Um dos argumentos para defender a atual proposta é que, desde 2017, a âncora fiscal passou a ser o teto de gastos. De fato, há grande atribuição de poderes ao teto de gastos. Mas é importante chamar atenção para o fato de que o que impacta a dinâmica da dívida pública é o resultado primário e não o nível do gasto (além, obviamente, do diferencial entre a taxa de crescimento do PIB e o custo da dívida, dentre outros). Não adianta cumprir o teto de gastos se continuarmos sem elevar de forma substancial o resultado primário, que sofrerá um novo baque depois dessa crise.

Outra fragilidade do argumento é que pressupõe que o teto de gastos é um regime fiscal seguro para conduzir o país para a estabilidade. Mas as projeções fiscais indicam que o teto será descumprido em breve, já levando em conta os impactos da aprovação de uma reforma previdenciária com “potência fiscal” quase duas vezes maior do que aquela que foi proposta logo após a introdução do teto de gastos. Mesmo que os “gatilhos” sejam acionados, não será possível restabelecer a trajetória de gastos originalmente preconizada pelo teto. Todos esses fatos são amplamente divulgados pela equipe de pesquisadores do IBRE que acompanham o tema de forma meticulosa, bem como por outros pesquisadores (como, por exemplo, a Instituição Fiscal Independente ligada ao Senado).

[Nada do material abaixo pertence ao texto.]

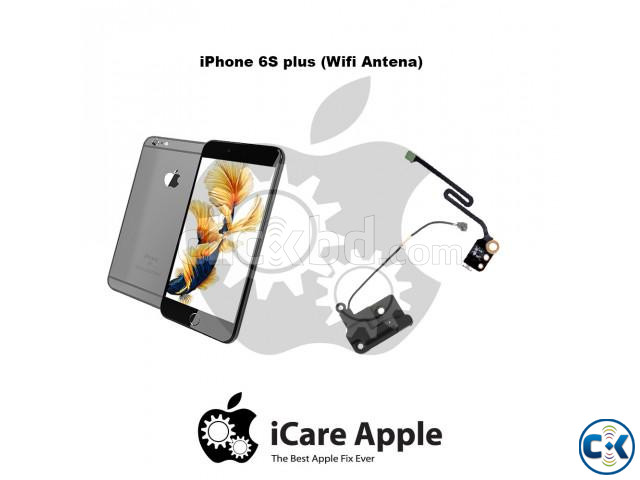 iPhone 6s Plus Wi-Fi Antenna Replacement Service Dhaka. large image 0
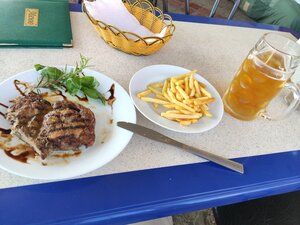 Кусана (село Малореченское, Морская улица, 18А), cafetería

O teto de gastos foi introduzido em 2016 e não foi capaz de reduzir as despesas como percentual do PIB. Segundo os dados da STN, as despesas primárias de 2019 alcançaram o mesmo nível que se encontravam em 2016 em meio à uma recessão: 19,9% do PIB – e isso com as despesas discricionárias comprimidas para o menor nível em muito tempo, sobretudo os investimentos, depois dos subsídios atingirem as mínimas históricas em percentual do PIB e da elevada informalidade no mercado de trabalho que estancou as despesas do FAT. E no ano atual irão crescer para mais de 22% do PIB. Talvez seja necessário indagar se será possível atingir o resultado primário desejado mesmo assumindo o cumprimento do teto até 2026 com o acionamento das cláusulas.

Com efeito, o teto de gastos pode ter alterado as expectativas – ao introduzir uma âncora fiscal de médio e longo prazos -, mas não mudou a realidade: sem conseguir fazer reformas apropriadas (e com impacto tempestivo), sem discutir a tributação (e não só as despesas) e sem crescimento (em uma economia que opera com enorme ociosidade desde 2016) não haverá o reequilíbrio fiscal. As regras fiscais não têm poderes mágicos e não trarão a pessoa desejada de volta em três dias. A conclusão é clara: o sistema terá que ser todo rediscutido, o que pode ficar um pouco mais para à frente a partir de dados mais concretos. Por enquanto, a solução do governo parece ter sido transformar uma previsão em profecia.

As opiniões expressas neste artigo são de responsabilidade exclusiva do autor, não refletindo necessariamente a opinião institucional da FGV.